Reward-processing differences measured by FRN signals precede ICD development in PD. This neurophysiological marker permits identification of patients with high risk of ICD development. ANN NEUROL 2022;92:974-984.
本研究旨在评估反馈相关负波(FRN)——一种激励加工的神经生理标志物,是否可用于预测帕金森病(PD)中冲动控制障碍(ICD)的发展。
该纵向队列由无 ICD 病史的连续非痴呆 PD 患者组成。我们在他们进行赌博任务时记录 FRN 信号。我们计算了损失和收益之间的平均振幅差(FRNdiff),作为未来 ICD 发展的预测指标。我们进行了为期 30 个月的前瞻性每半年一次的随访评估,以发现新的 ICD。最后,我们使用生存模型评估了基础 FRNdiff 与 ICD 后发展的关系。
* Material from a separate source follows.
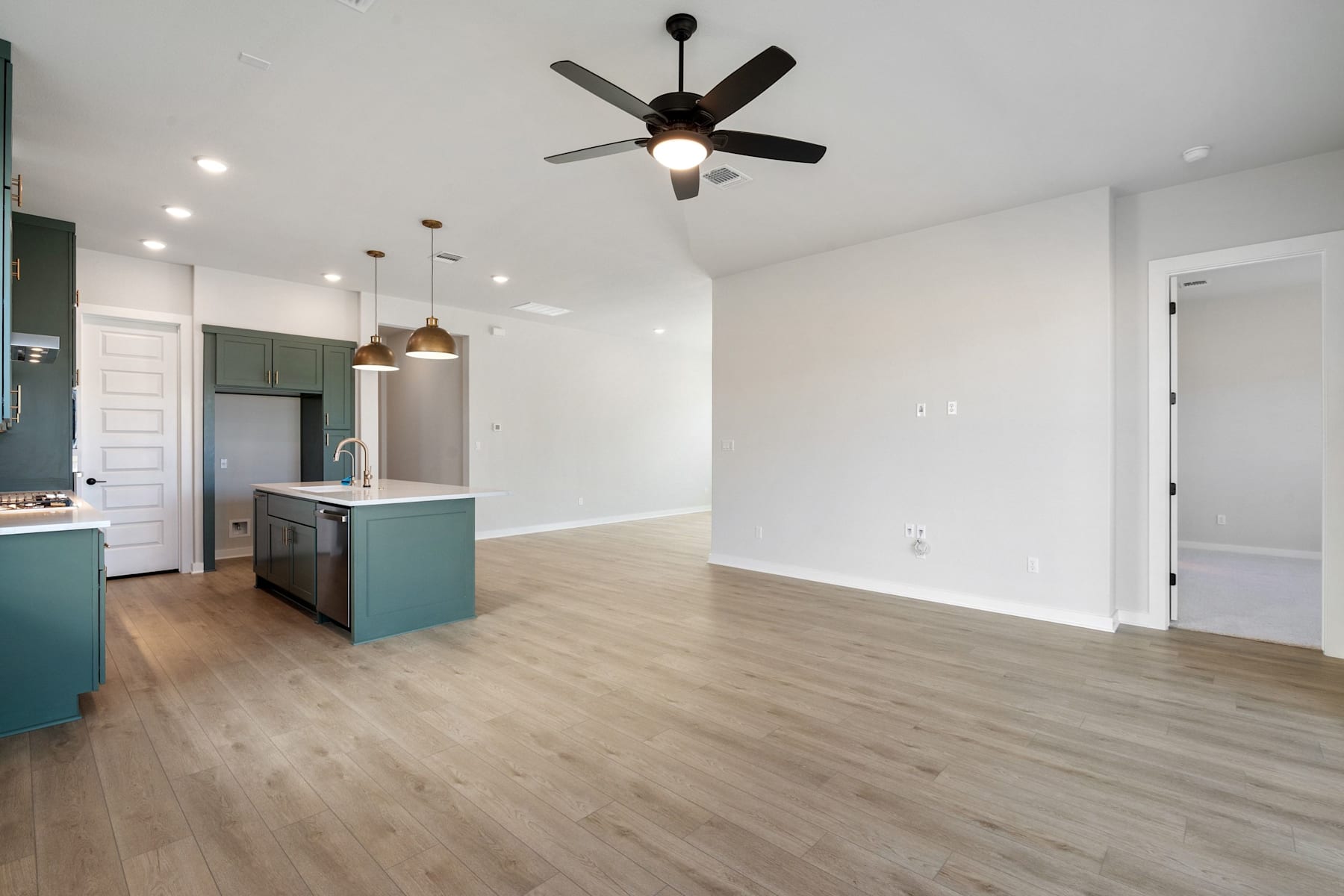 A modern, open-concept kitchen and living room with a ceiling fan, hardwood floors, and a green kitchen island.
2015 年 10 月 7 日至 2016 年 12 月 16 日,我们筛查了 120 名患者。其中,94 名患者进行了赌博,92 名完成了随访。18 名患者在随访期间发生了 ICD,而 74 名患者没有 ICD。与未发生 ICD 的患者相比,发生 ICD 的患者的基线 FRNdiff 更大(-2.33μV 与-0.84μV,p=0.001)。没有发现其他显著的基线差异。在生存模型中,FRNdiff 与 ICD 的发展显著相关,既没有调整时(危险比[HR]0.73,95%置信区间[CI]0.58-0.91,p=0.006),也没有调整多巴胺替代疗法、性别和年龄时(HR 0.74,95%CI 0.55-0.97,p=0.035)。评估的任何冲动性指标都与 ICD 的发展无关。
由 FRN 信号测量的奖励处理差异先于 PD 中的 ICD 发展。这种神经生理标志物可识别具有 ICD 发展高风险的患者。